能夠安心打敗它們,同時完成自己的義務。所以——
「——」
世鬼看見自己握著長匕首的右臂揮舞在空中。
右臂被切斷了。
●
世鬼看見了。
看見自己右邊衝來了敵方自動人偶。
沒有臉的對手手中拿著像鐮刀一樣的逆刃刀。那是前端能比一般的刀劍更快地命中,捕捉並切斷的鐮劍。因為重心靠近前端,在空氣阻力中劍刃會偏離原來的方向,人類很難使用。
可以說是自動人偶用的武器。
它現在將自己的右腕切斷了。然後在正面——
「啊……」
發出的炮擊白費了。
八台武神從正面消失了。
八個巨大的身軀各自分散在左右,壓低了身體。
那並不是單純地低下身,而是為了殺向自己的準備動作。
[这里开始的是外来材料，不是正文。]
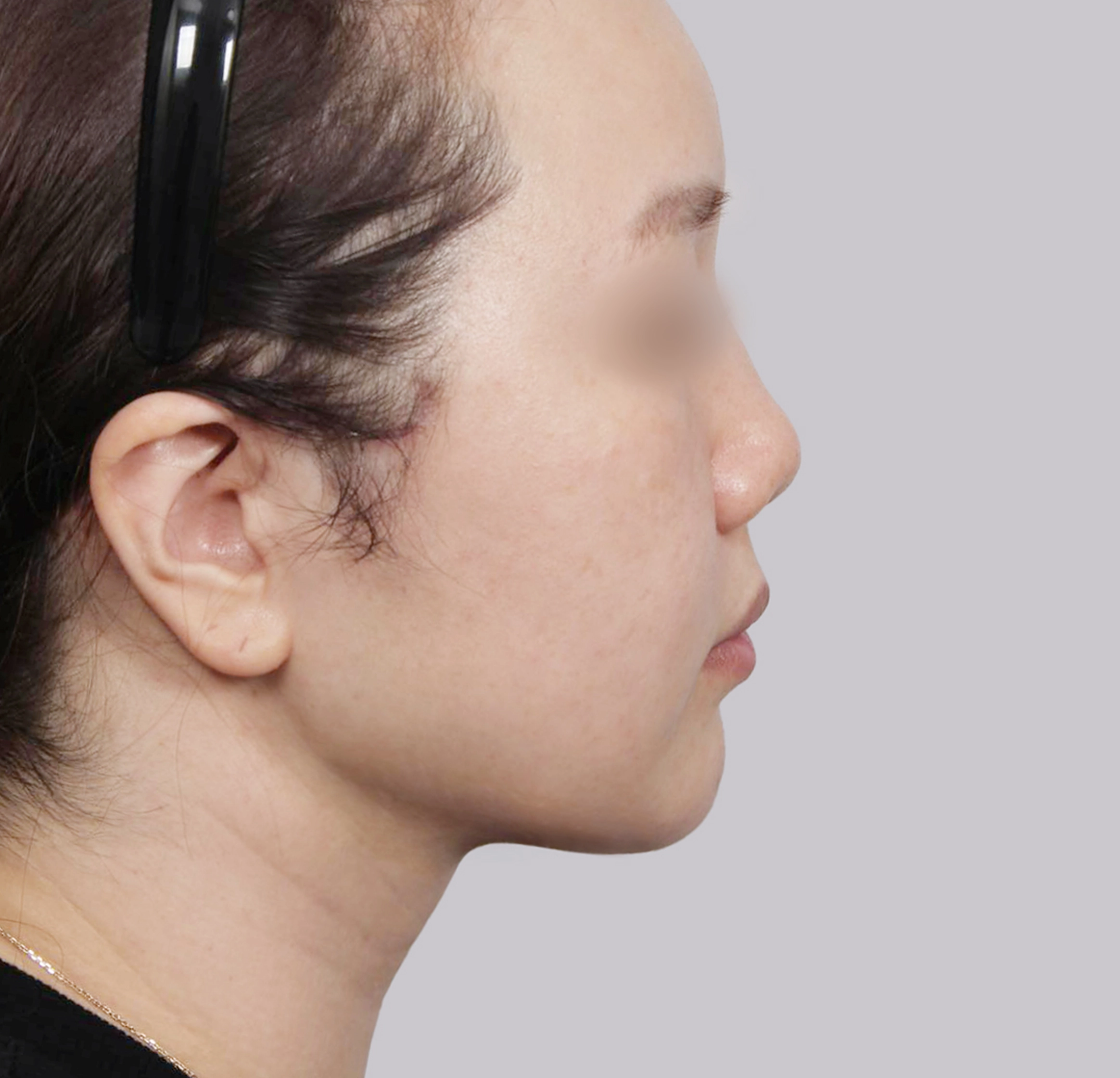 Mini Face Lift-측면-후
四台在前,四台在後方壓陣,可以判斷它們即將進行波浪式的攻擊。
世鬼判斷那是以重武神來說速度顯得異常的迴避運動。
恐怕安裝了超乎人類肌肉力量級別的驅動系統。這武神一定是迴避炮火之後,再以再以蠻力發動攻擊的類型。
因為沒有人乘坐才能實現的強行動作和連攜。
操作著它們的小太郎賦予了它們忍者的動作。
單純的炮擊甚至連偷襲都沒有用。
三十二個自動人偶已經先行布好了局。
而與它們相比,自己卻因剛剛衝過來的一人把反應拖慢了
切斷自己右手臂恐怕是具有實際傷害的佯攻。
……作為立即的反擊,只有其中一人沖了過來,吸引了自己的注意力吧。
全員一齊攻擊容易被發覺,而且不好立刻編組。
肯定是先以一個人做誘餌,利用這極短的時間組織好的編成衝殺陣型。
仔細一看,敵方的自動人偶既不是全員持一種武器,也沒有全員擺出相同的架勢。
敵人有兩隊。在各隊的前方各有八人,四人負責射擊,前面兩人負責捕捉自己,接下來的兩人手中拿著步槍。